En sus últimos años Murena se interesó por el pensamiento hermético, la filosofía oriental y la mística judía. Compartía con D.J. Vogelmann (traductor de El castillo de Kafka y de la versión alemana del I Ching) un programa en Radio Municipal donde conversaban sobre la religión y el mito. Las cintas se perdieron, pero algunos oyentes grabaron programas sueltos, que dieron origen al libro El secreto claro.

Lejos de ser irracionalista, como definió Sebreli a esta etapa de Murena, hay un genuino interés por estos temas de la tradición. En las páginas de El secreto claro se ve a Murena más severo que a Vogelmann. En un momento dado Murena rechaza al pensador indio Jiddu Krishnamurti por la calidad de su público: mujeres ricas que van a Suiza para escucharlo: –Krishnamurti no. Krishnamurti no. No tendría que hablar para señoras –sentencia Murena.

Vogelmann responde con humor: –Esto es un pecado suyo: pensar así de las señoras.

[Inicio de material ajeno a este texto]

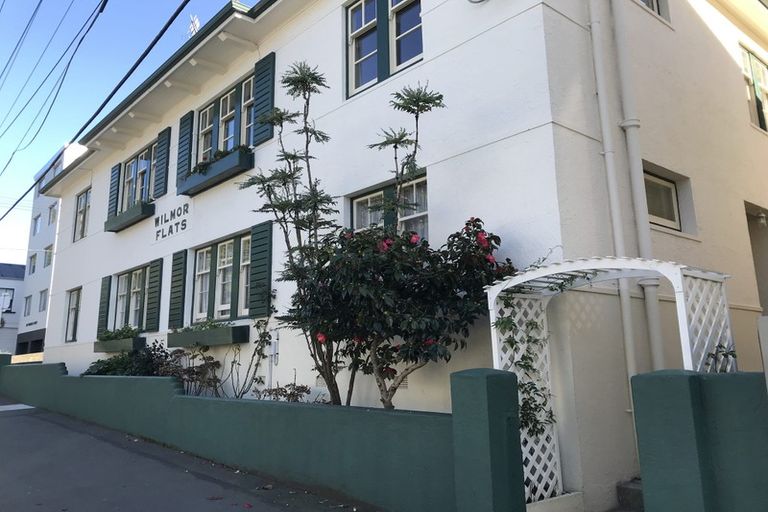 Photo of property in 1/332 Tinakori Road, Thorndon, Wellington, 6011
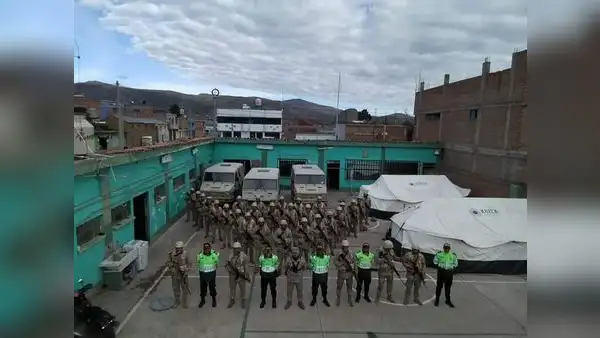 Instalaron base militar en Puno para desbloquear vía Arequipa-Juliaca
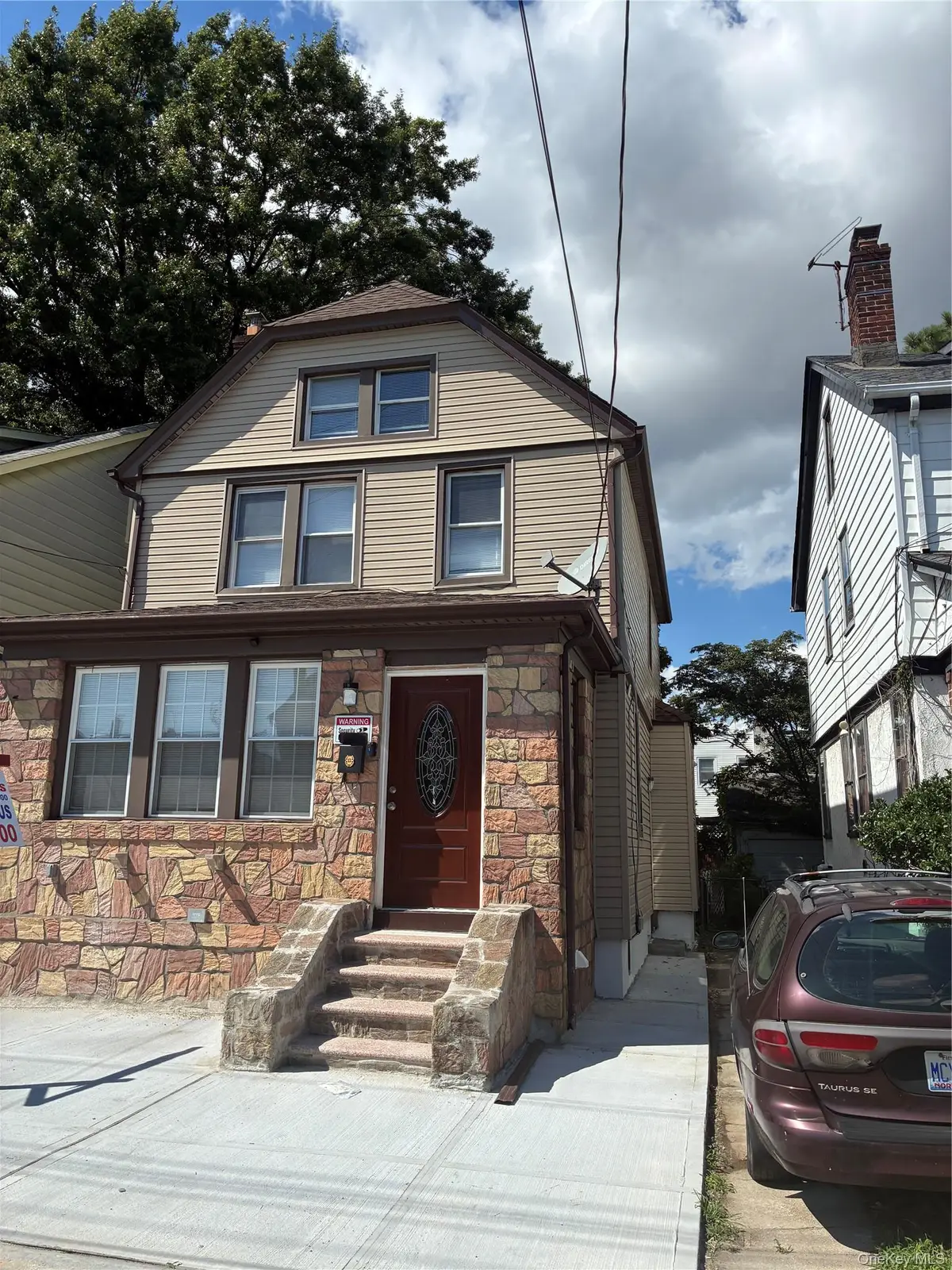 205-15 111th Ave, Saint Albans, NY 11412 - #1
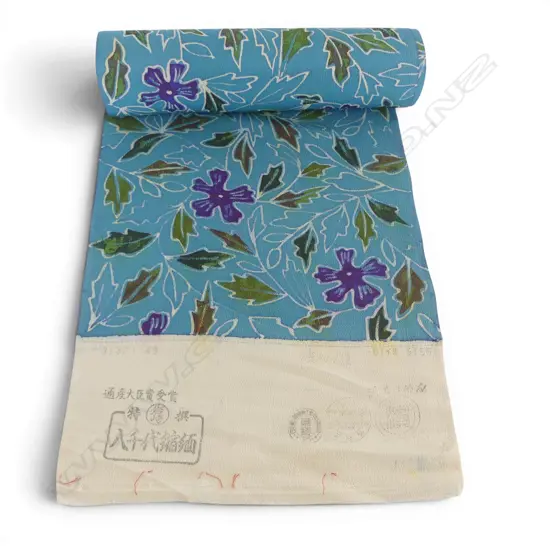 Unused 1980's NISHIJIN TEXTILE (Kyoto) JAPANESE flower & leaf pat. SILK ROLL L.12M W.370mm. New old stock...
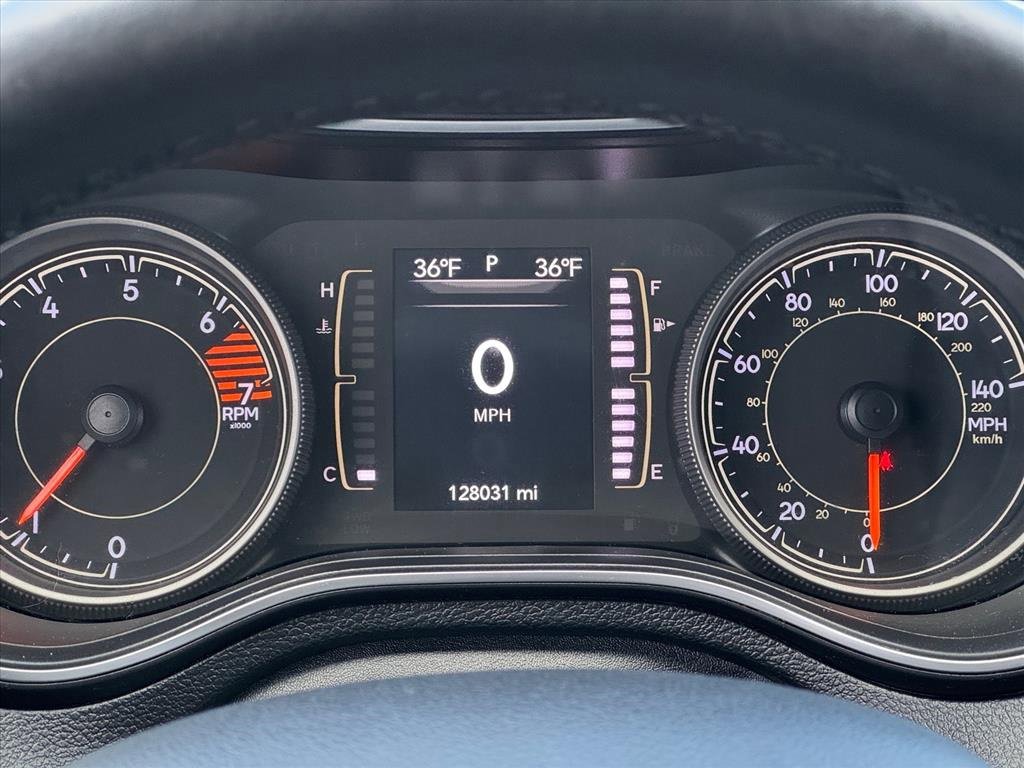 Used 2019 Jeep Cherokee Latitude w/ Cold Weather Group image 12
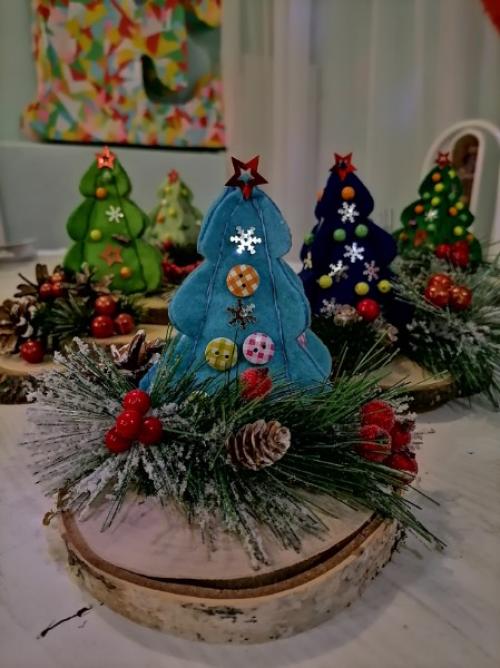 Декоративная фетровая ёлочка. 07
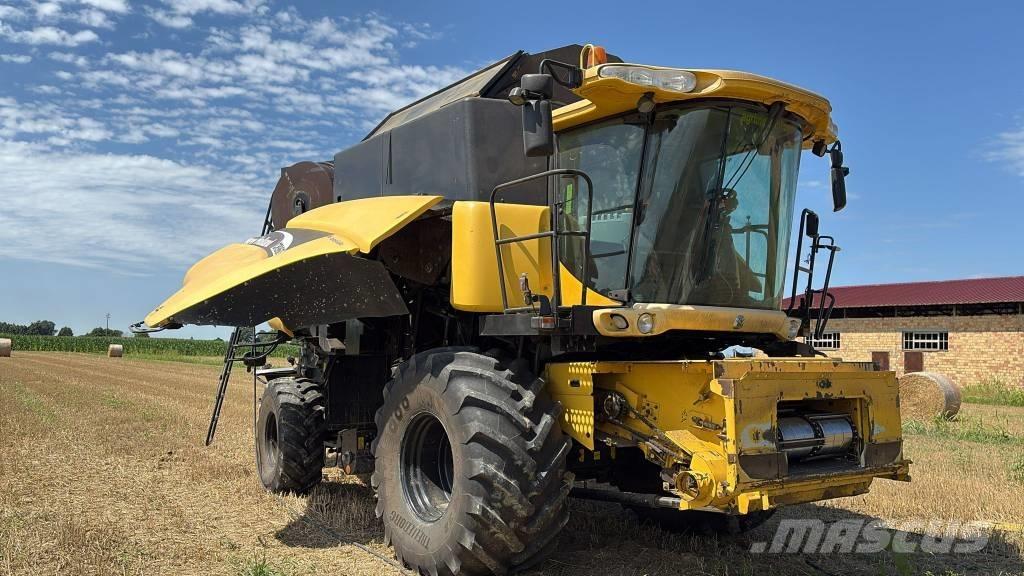 New Holland CR 960 Ražas novākšanas kombaini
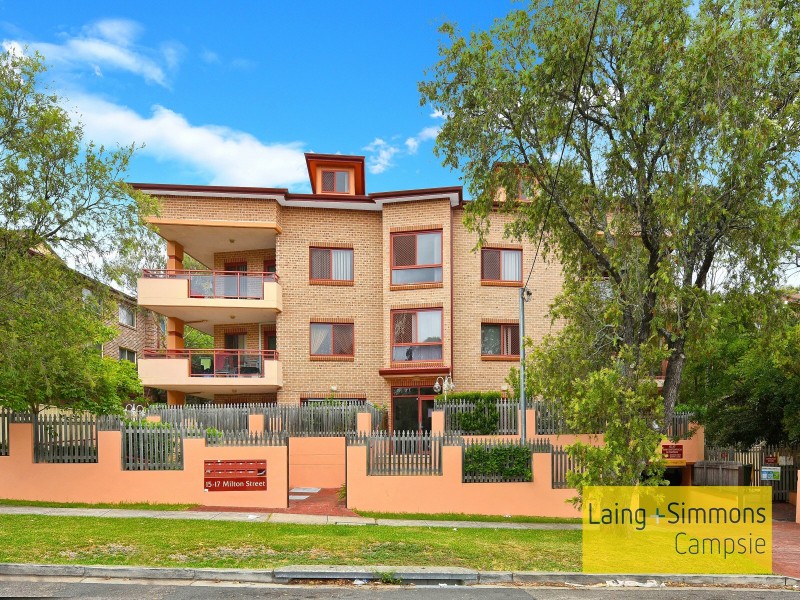 9/15 Milton St, Bankstown NSW 2200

Murena se casó dos veces, la primera con Alicia Justo, hija de Juan B. Justo y de Alicia Moreau. En sus memorias, Sebreli recuerda a “Lizzi” Justo pálida, vestida de gris, y parecida a las pinturas de Spilimbergo. La segunda vez se casó con Sara Gallardo, con quien tuvo a su único hijo, Sebastián Álvarez Murena. La escritora tenía otros dos hijos de su matrimonio con Luis Pico Estrada: Paula y Agustín.

En sus últimos años Murena vivió en su departamento de la calle San José. En una nota que publicó en La Nación a propósito de la muerte de Murena, Liscano describía aquel departamento: “El revoque de las paredes se caía carcomido por la humedad y los hongos, papeles por todas partes, libros amontonados, poquísimos objetos, ninguna foto y algunas reproducciones de cuadros cuyo contenido simbólico lo alimentaba”.

Como recordaba su hijo Sebastián, su madre finalmente rescató a Murena de ese departamento para llevarlo al edificio donde ellos vivían, en la avenida 9 de Julio, sobre Carlos Pellegrini. Pero Murena ya estaba muy enfermo y murió poco después.

En el libro Los oficios, compilado por Lucía Leone, que recupera la obra periodística de Sara Gallardo, hay dos entrevistas extraordinarias, una de Reina Roffé y otra de Esteban Peicovich. Forman una breve y poética autobiografía oral. Ahí se ven las huellas que dejó en ella la temprana partida de su marido: “Ese luto es el gran episodio de mi vida: la muerte de Murena”. Y también: “Cuando vivía nunca necesité dedicarle un libro: sabíamos que toda yo soy un homenaje a Murena”. Ahora corresponde a los lectores continuar ese homenaje.